We present a computationally efficient approach to semantic segmentation, while achieving a high mean intersection over union (mIOU), 70.33% on Cityscapes challenge. The network proposed is capable of running real-time on mobile devices.

Paper: 10.1007/978-3-030-20205-7_4

If you find the code useful for your research, please consider citing us:

@InProceedings{turkmen2019efficient,
  author    = {Sercan T{\"u}rkmen and Janne Heikkil{\"a}},
  title     = {An Efficient Solution for Semantic Segmentation: {ShuffleNet} V2 with Atrous Separable Convolutions},
  booktitle = {Image Analysis},
  year      = {2019},
  editor    = {Michael Felsberg and Per-Erik Forss{\'e}n and Ida-Maria Sintorn and Jonas Unger},
  volume    = {11482},
  pages     = {41--53},
  address   = {Cham},
  publisher = {Springer International Publishing},
  doi       = {10.1007/978-3-030-20205-7_4},
  isbn      = {978-3-030-20205-7},
  url       = {http://dx.doi.org/10.1007/978-3-030-20205-7_4},
}

Getting ready

  1. Add tensorflow/models/slim to your python path in order to run most of the scripts! To do so follow these steps:
    1. Clone or download the tensorflow/models/slim repository to a separate folder.
    2. Add the path to the repository by running the following code: export PYTHONPATH=path_to_the_cloned_folder/tensorflow_models/research/slim:${PYTHONPATH}
  2. Prepare dataset. Example scripts and code is available under the dataset folder. The dataset should be in tfrecord format.

Model zoo

Checkpoint name Trained on Uses DPC Eval OS Eval scales Left-right Flip mIOU File Size
shufflenetv2_basic_cityscapes_67_7 MS COCO 2017* + Cityscapes coarse + Cityscapes fine No 16 [1.0] No 67.7% (val) 4.9MB
shufflenetv2_dpc_cityscapes_71_3 MS COCO 2017* + Cityscapes coarse + Cityscapes fine Yes 16 [1.0] No 71.3% (val) 6.3MB

* Filtered to include only person, car, truck, bus, train, motorcycle, bicycle, stop sign, parking meter classes and samples that contain over 1000 annotated pixels.

Training

To learn more about the available flags you can check common.py and the specific script that you are trying to run (e.g. train.py).

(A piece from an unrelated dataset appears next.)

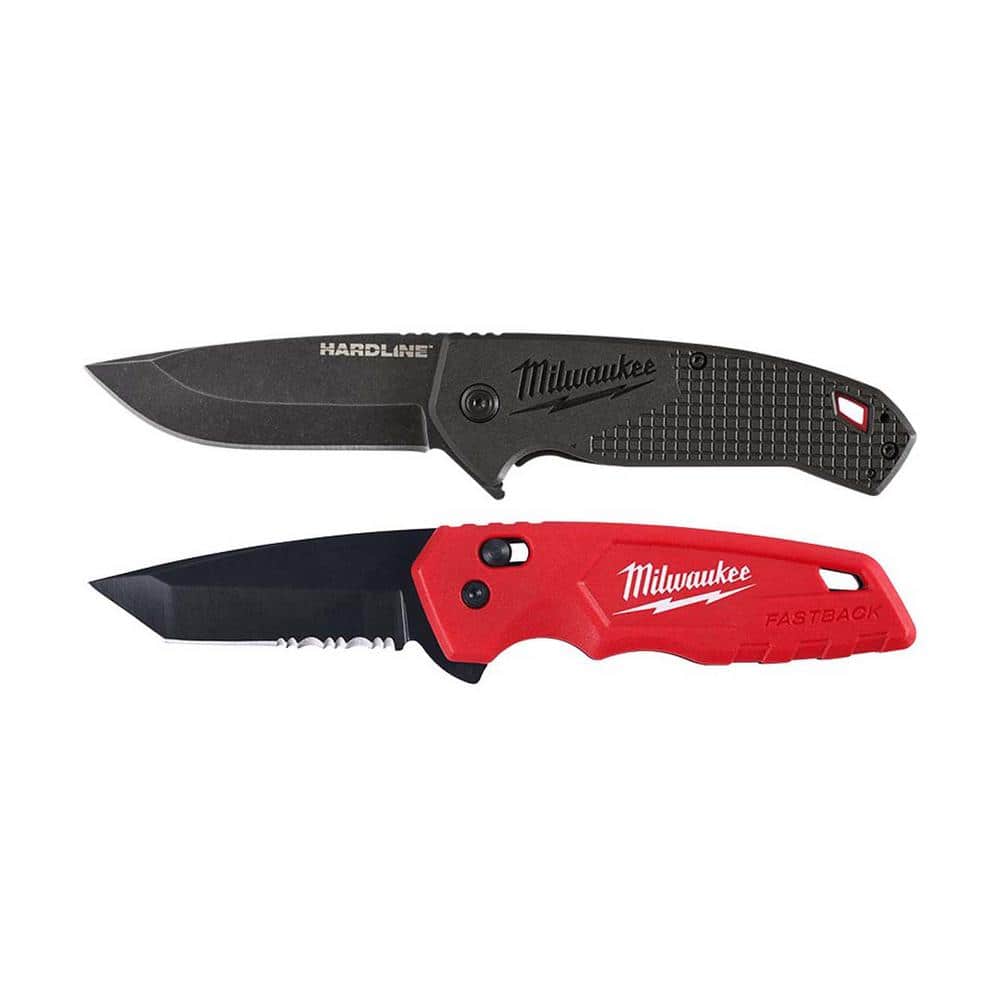 Milwaukee 3 in. Hardline D2 Steel Smooth Blade Pocket Folding Knife and FASTBACK Spring Assisted Folding Knife (2-Piece) (1)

Example training configuration

python train.py \
    --model_variant=shufflenet_v2 \
    --tf_initial_checkpoint=./checkpoints/model.ckpt \
    --training_number_of_steps=120000 \
    --base_learning_rate=0.001 \
    --fine_tune_batch_norm=True \
    --initialize_last_layer=False \
    --output_stride=16 \
    --train_crop_size=769 \
    --train_crop_size=769 \
    --train_batch_size=16 \
    --dataset=cityscapes \
    --train_split=train \
    --dataset_dir=./dataset/cityscapes/tfrecord \
    --train_logdir=./logs \
    --loss_function=sce

Important: To use DPC architecture in your model, you should also set this parameter:

--dense_prediction_cell_json=./core/dense_prediction_cell_branch5_top1_cityscapes.json

Example evaluation configuration

python evaluate.py \
    --model_variant=shufflenet_v2 \
    --eval_crop_size=1025 \
    --eval_crop_size=2049 \
    --output_stride=16 \
    --eval_logdir=./logs/eval \
    --checkpoint_dir=./logs \
    --dataset=cityscapes \
    --dataset_dir=./dataset/cityscapes/tfrecord

Important: If you are trying to evaluate a checkpoint that uses DPC architecture, you should also set this parameter:

--dense_prediction_cell_json=./core/dense_prediction_cell_branch5_top1_cityscapes.json

Exporting to TFLITE model

export_tflite.py script contains several parameters at the top of the script.

Running on Android

You can find an example script to run the this model and Tensorflow Lite interpreter for segmentation on Android in this repository and also an example application in sercant/android-segmentation-app.